In the 1950s and 1960s, after the Second World War, many citizens moved from the city center to these hills to enjoy greater peace and an exclusive view of the surrounding peaks.

This is the scenery in which Villa EB is set. Villa EB is a semi-detached residence created after a complex renovation of a old villa built in the early 1960s. Although the previous residence had high living standards and it was built with top-quality materials and finishes, it however showed all the limitations of a house designed according to the canons of the time, for example: a very closed envelope, with a very low ratio between glass surfaces and solid walls, with few views of the landscape and very low ceilings.

The wish of the new owners was to have a place where the house would be embedded with the surrounding space such as: the garden surrounding the house, the nearby woods, and above all able to blend in with the surrounding landscape without sacrificing modern lines and large windows that allow the view to be enjoyed from different angles.

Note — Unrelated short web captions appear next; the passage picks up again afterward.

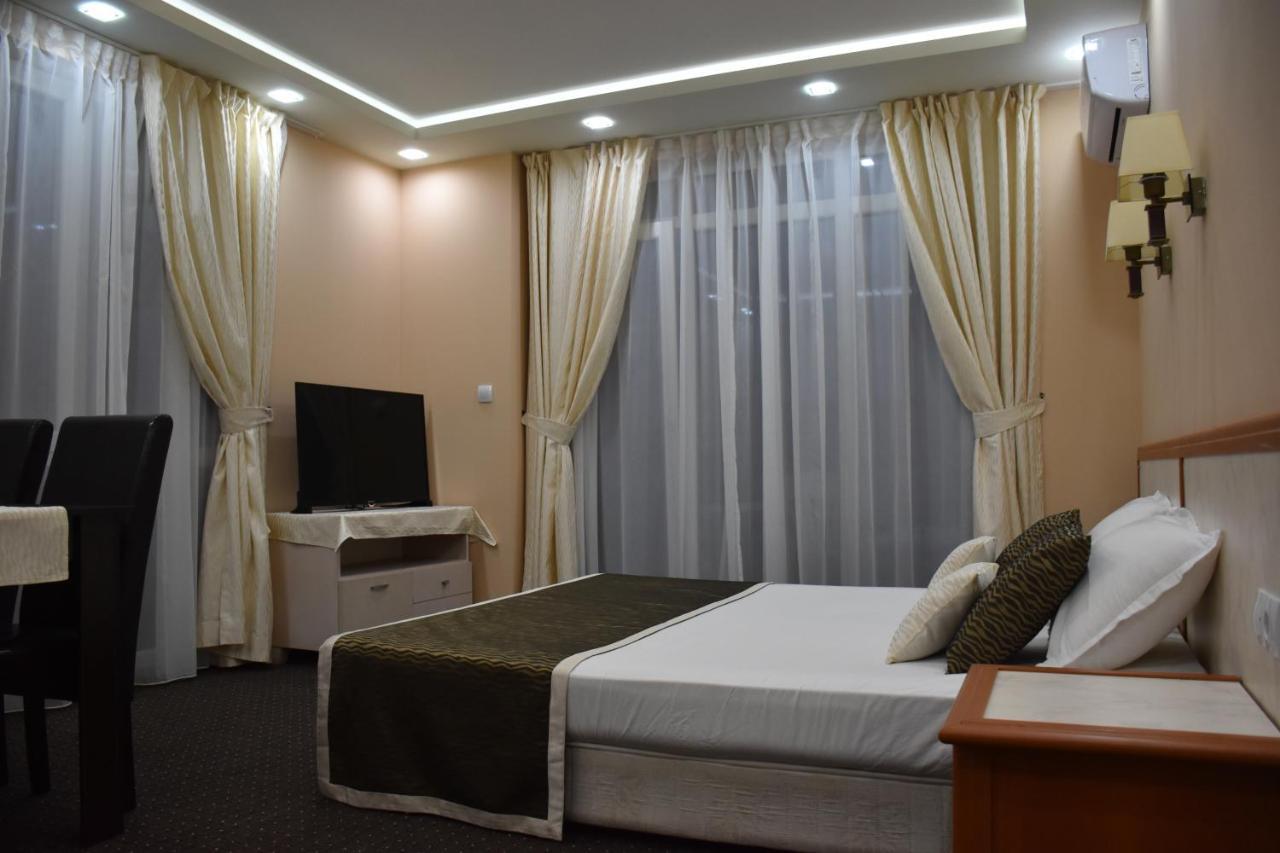 Guest House Sg-Brothers 奥布佐尔 外观 照片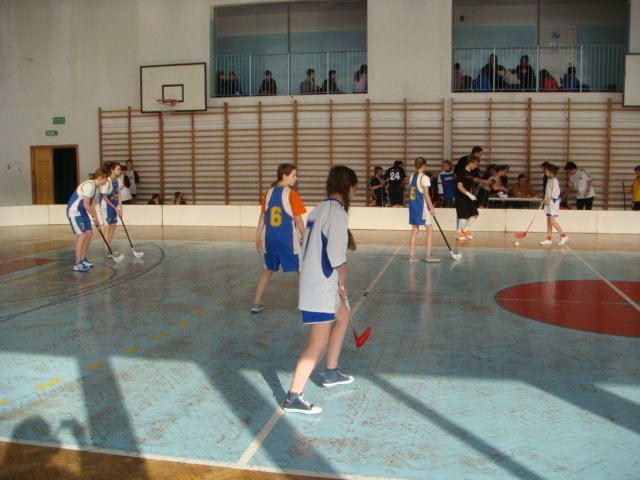 finaypowiatowewunihokejudziewczt201231.jpg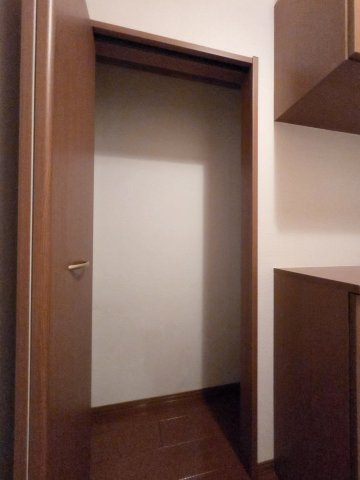 稲城市矢野口のアパートの収納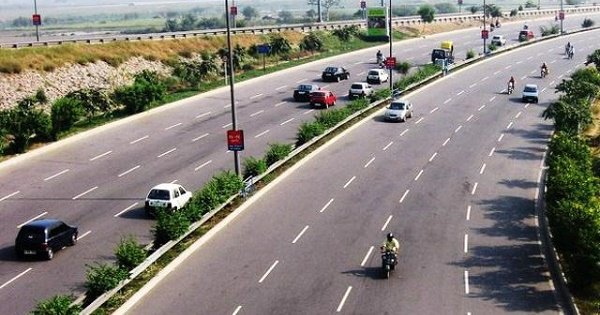 Delhi-Noida DND Flyway Is Now Toll-Free, Thanks To Allahabad High Court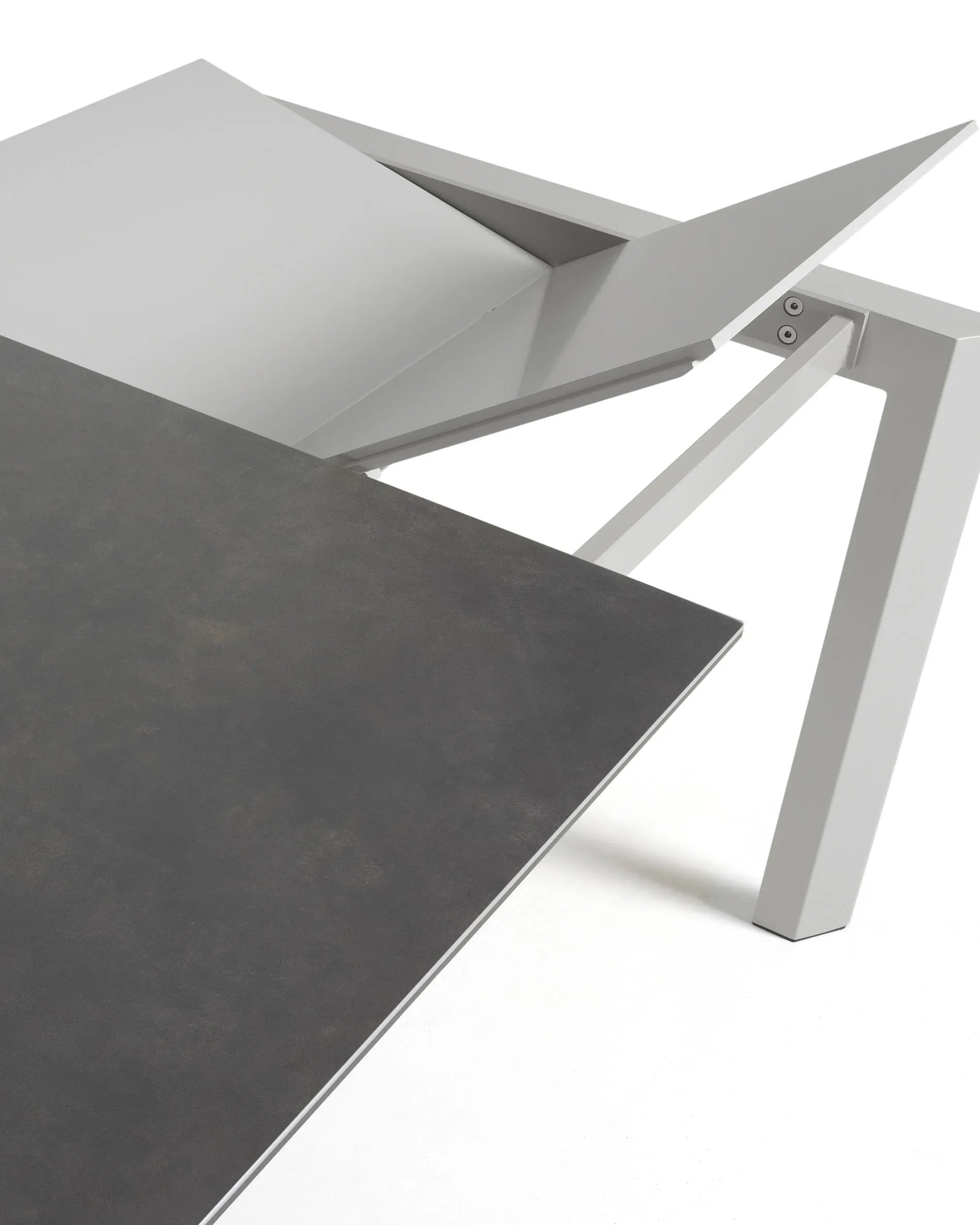 Eleganter Ausziehtisch mit robuster Feinsteinzeugplatte und grauen Beinen, ideal für stilvolle Dinnerpartys.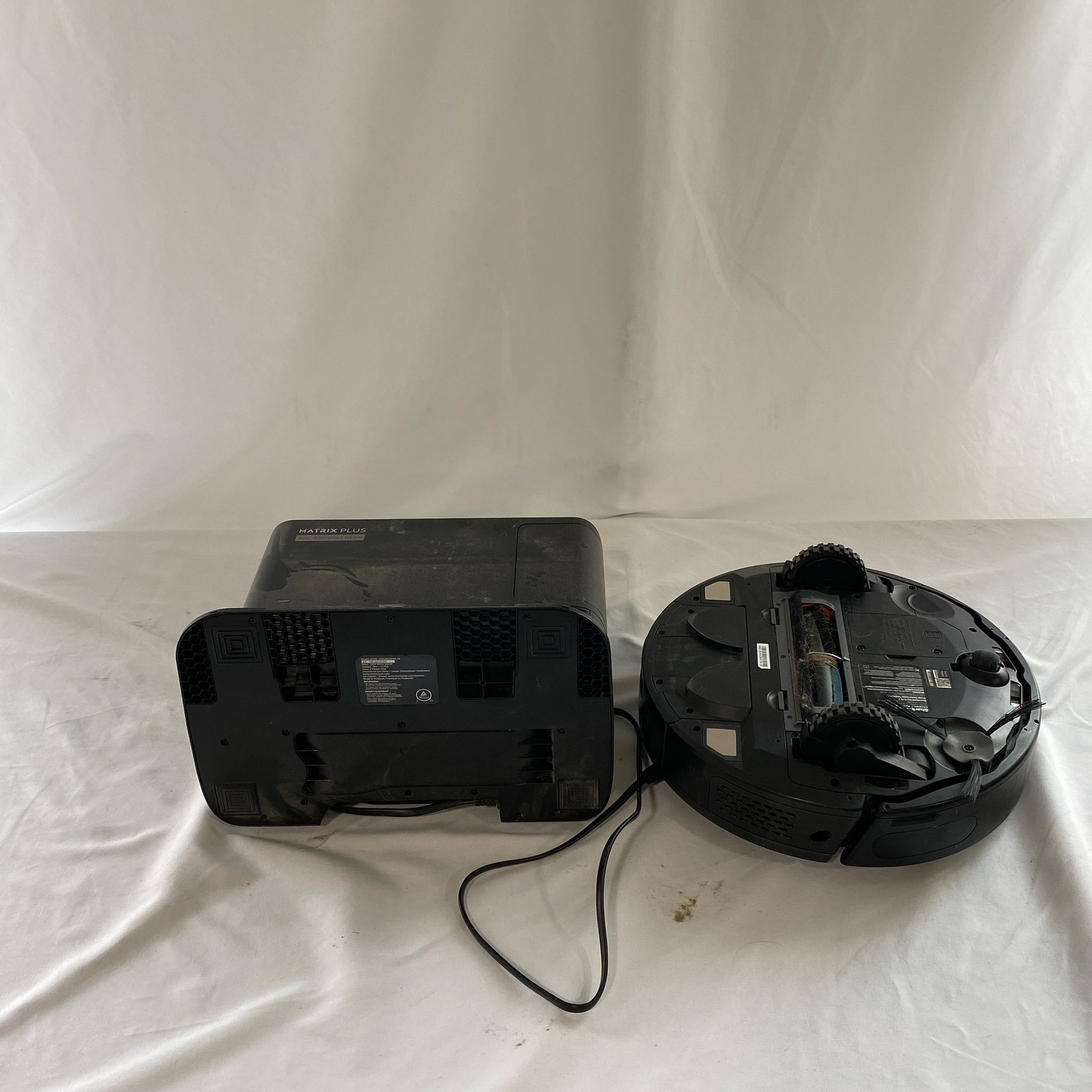 Shark Matrix Plus Robot Vacuum w/ Self-Empty Base, Black UR2360EEUS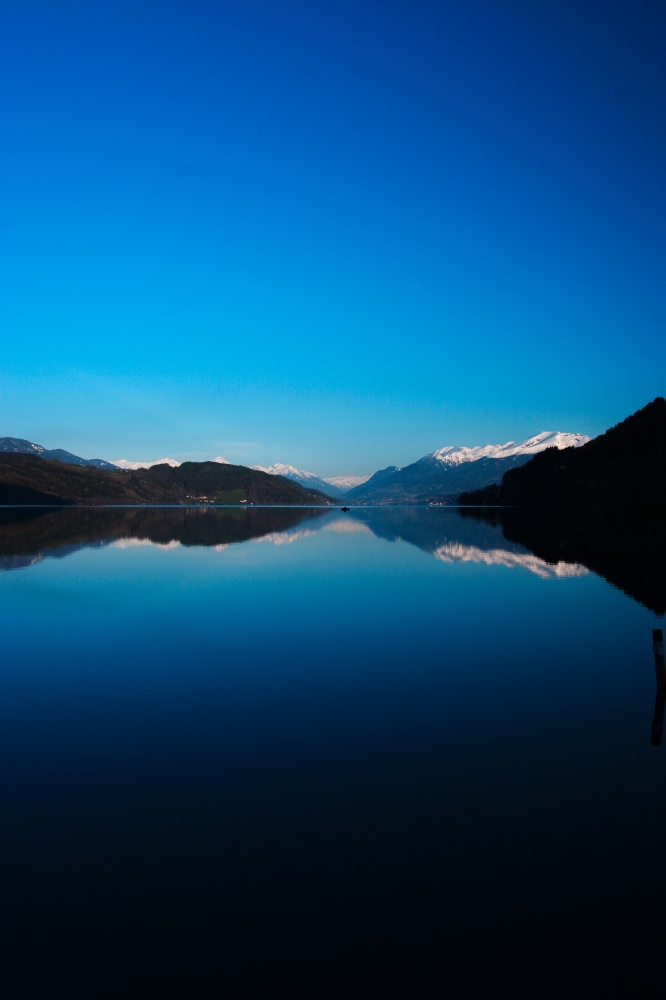 Gespiegelter Morgenhimmel am Millstättersee in Österreich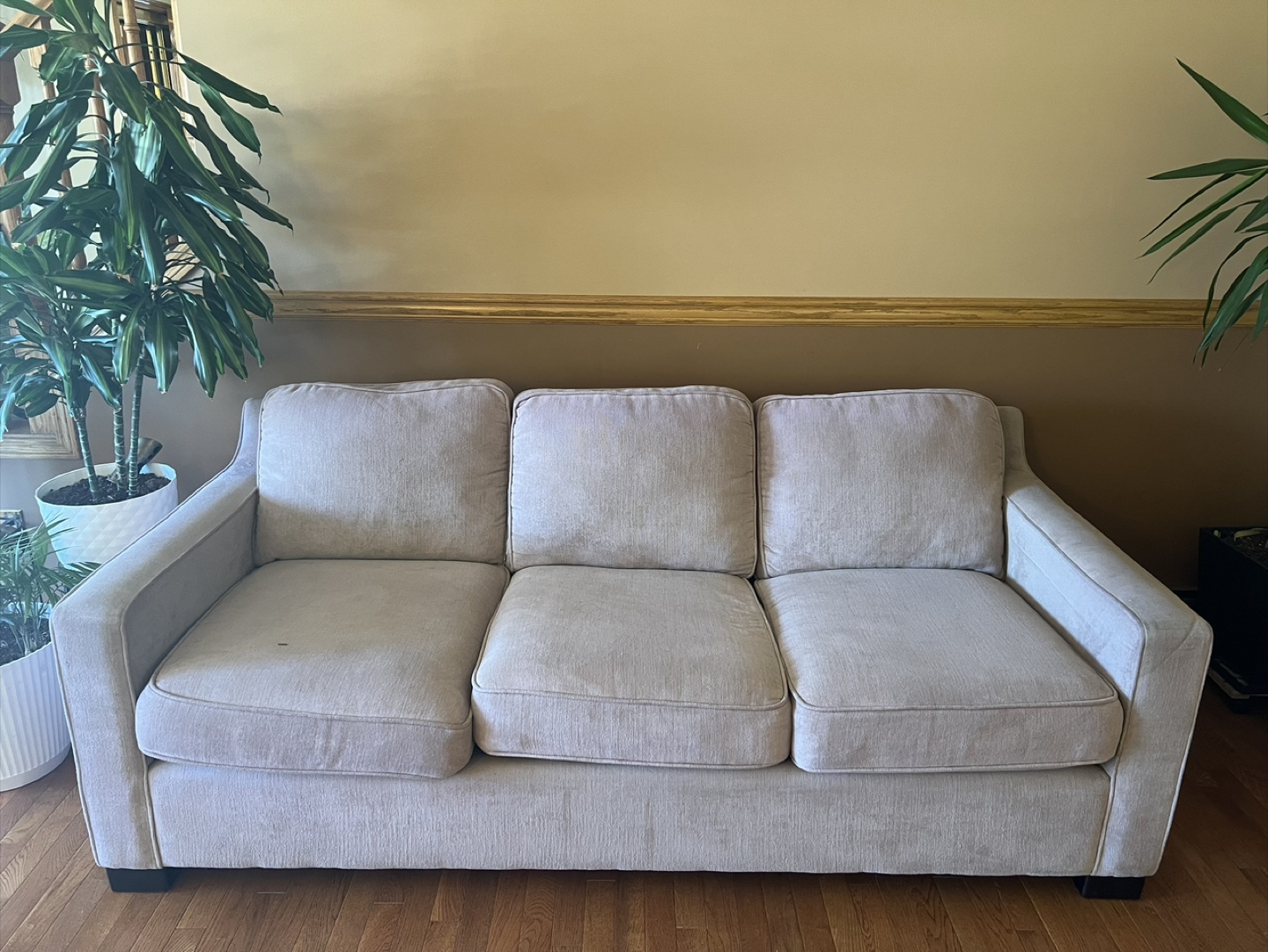 Beige Couch - photo 3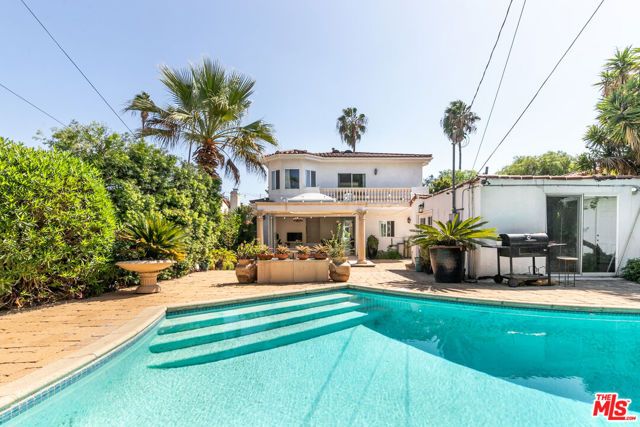 2339 S HOLT Avenue, Los Angeles, CA 90034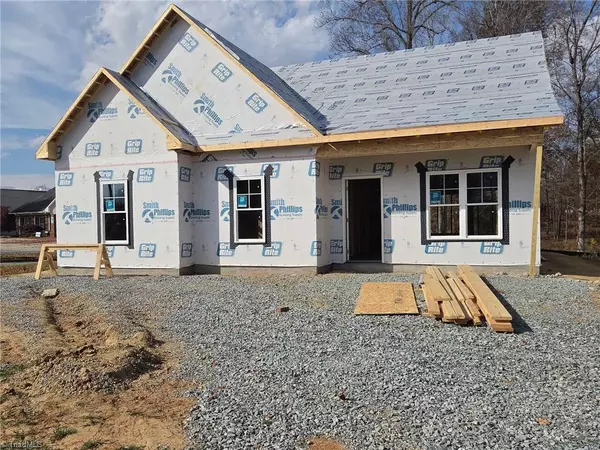 1376 Piedmont DR, Lexington, NC 27295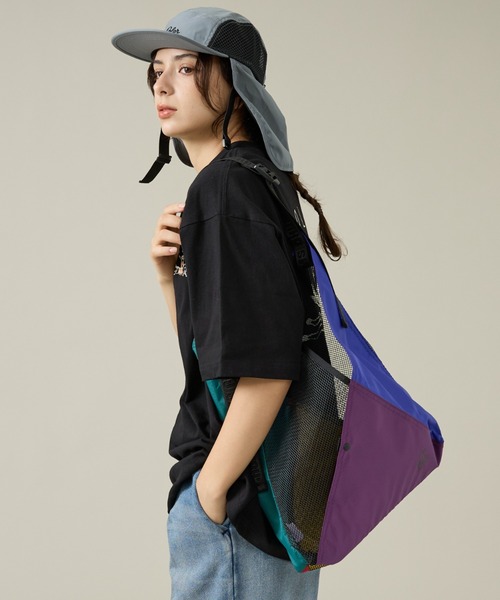 CHUMS(チャムス)の「【CHUMS/チャムス】メッシュトライアングルショルダートートバッグ /Mesh Triangle Shoulder Tote Bag/ユニセックス/11L(ショルダーバッグ・メンズ・ブラック/カーキ/その他・フリー)」の22枚目の写真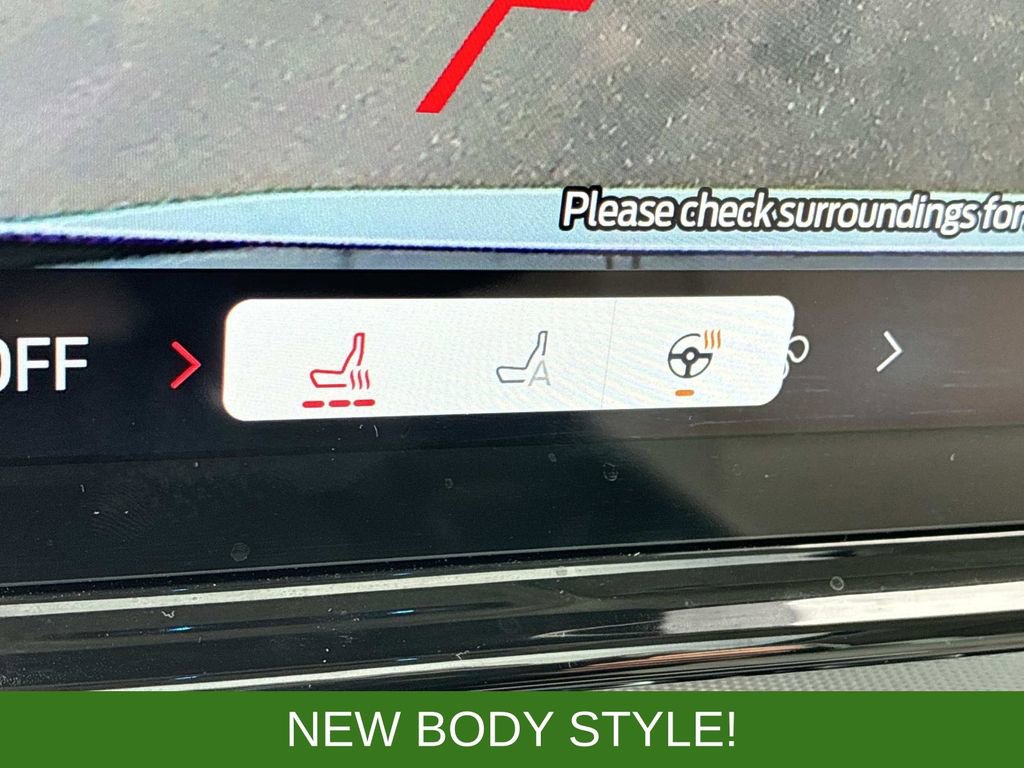 Certified 2025 Ford Expedition Active image 39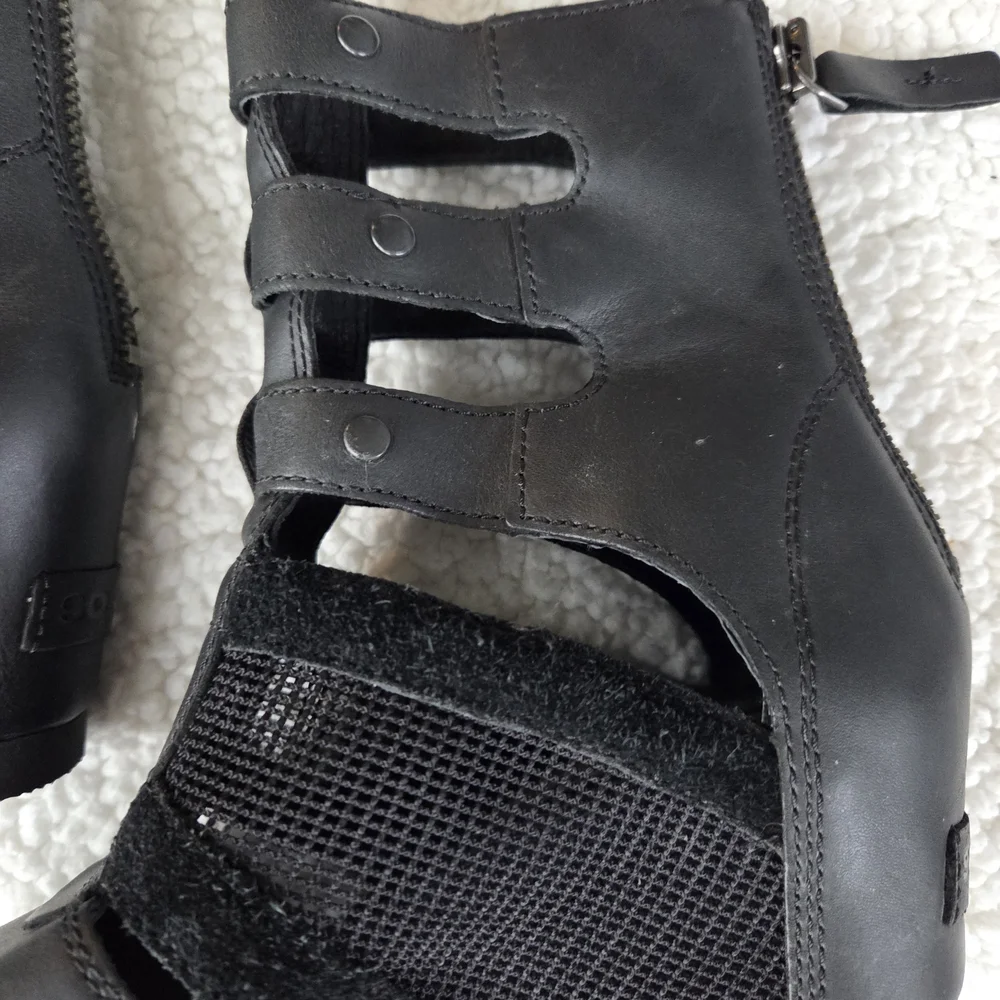 Sorel Joanie Gladiator Leather Wedge Sandals Women's Size 6 Step out in style wi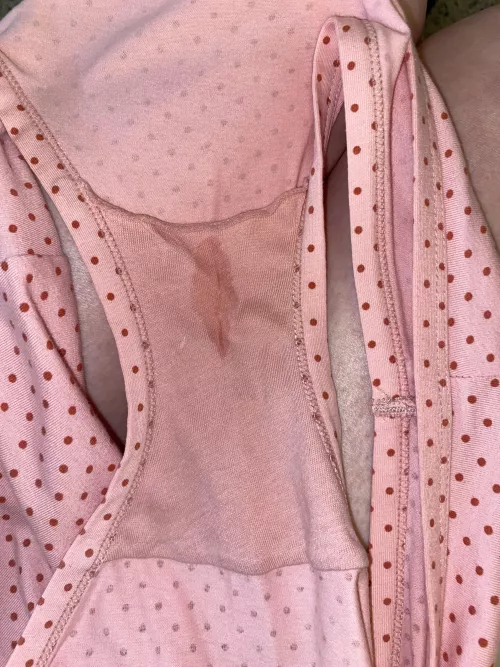 Cutest lil puss print 🥺 by lenore_leander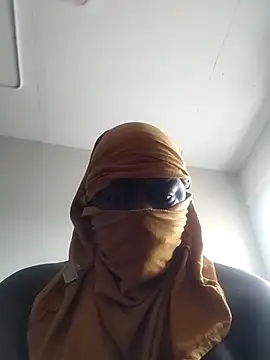 Bra-G online show from February 27, 2026, 6:57 am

These were the roots for this project. The spatial expedients such as: the increase in the net heights on each floor, the remodeling of the partition walls in the living area in order to create large living spaces on the ground floor without losing the form/functional relationship between the various areas ( kitchen and study), are linked with the choice of external materials, such as the “Mönch und Nonne” tiled roof in which the lower “nun” cup is interlocked with the upper “monk” cup, the “Pfitscher Gneis” natural stone walls, the exposed wood cladding and the architectural elements in earth brown metal sheet.

Inside, the spiral staircase in metal and wood that connects the ground and first floors is topped by a large oval skylight, clearly visible in the zenith view as symbiotic relationship between light and matter.

Outside, the glassed façades with large sliding doors on both floors provide access to the outside from almost every corner of the house: on the first floor to the covered terrace and on the ground floor to the garden that surrounds and wraps around the house up to the “infinity pool” facing the valley that leads from Bolzano to Merano.